Problem details - From the line containing "Кліпса кріплення (затискач)" to the final line of the material below, return every line exactly. Do not include pictures.

Given records -
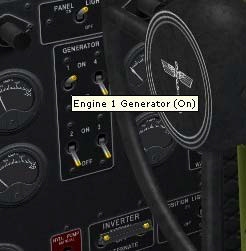 Tableau de commandes B-17 Image120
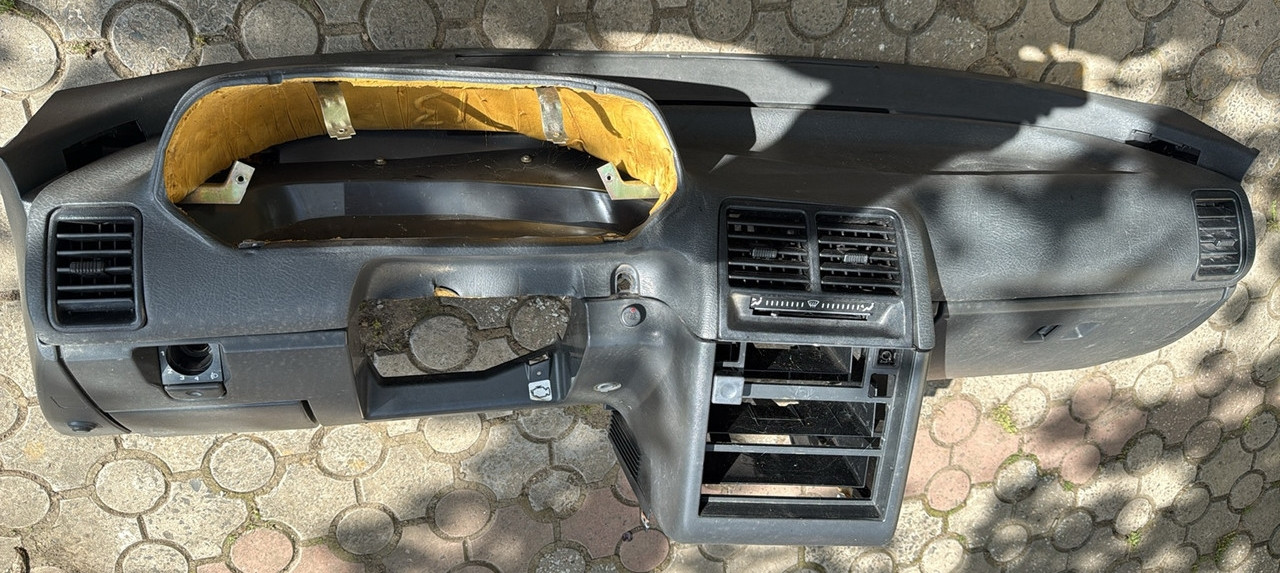 Панель приладів 2115 б/у, фото 1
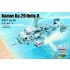 1/72 Kamov Ka-29 Helix-B Helicopter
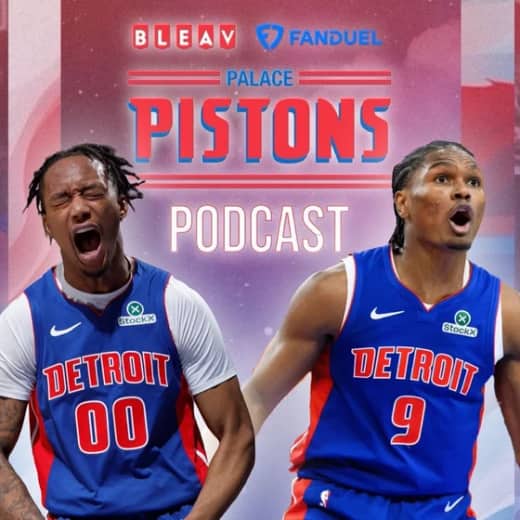 Cade Cunningham’s MVP Season & The Pistons’ Post–All-Star Game Plan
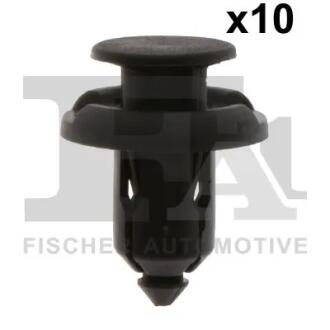 Кліпса кріплення (затискач) Fischer Automotive One (FA1) 79-30011.10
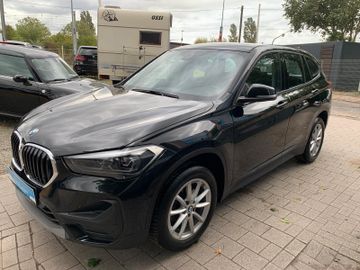 BMW X1 - 5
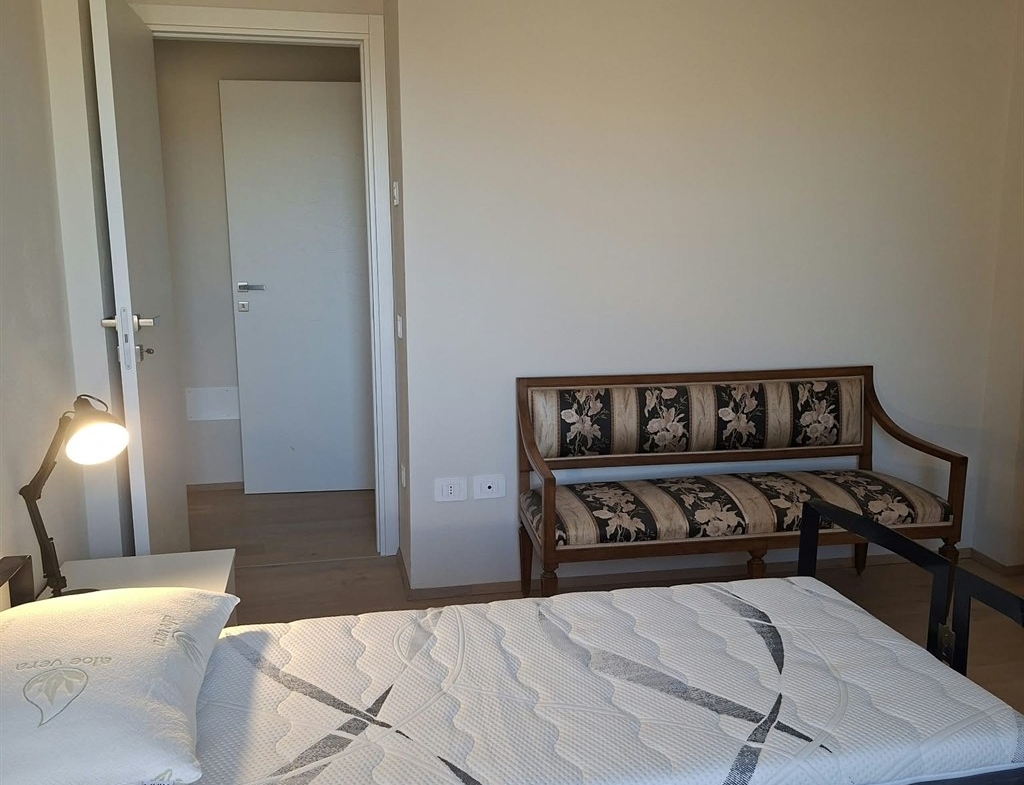 LUSSUOSO APPARTAMENTO IN CENTRO STORICO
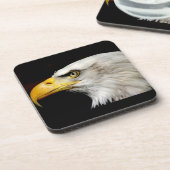 Bald Eagle Onderzetter (Linkerzijde)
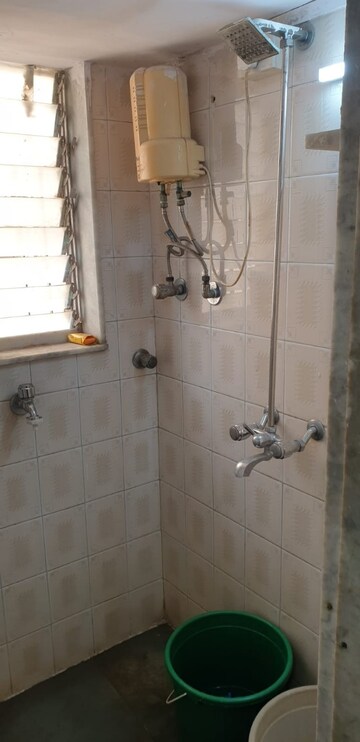 Bathroom in  Pg at Vakola – for Rent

Exercise response -
 Кліпса кріплення (затискач) Fischer Automotive One (FA1) 79-30011.10
 BMW X1 - 5
 LUSSUOSO APPARTAMENTO IN CENTRO STORICO
 Bald Eagle Onderzetter (Linkerzijde)
 Bathroom in  Pg at Vakola – for Rent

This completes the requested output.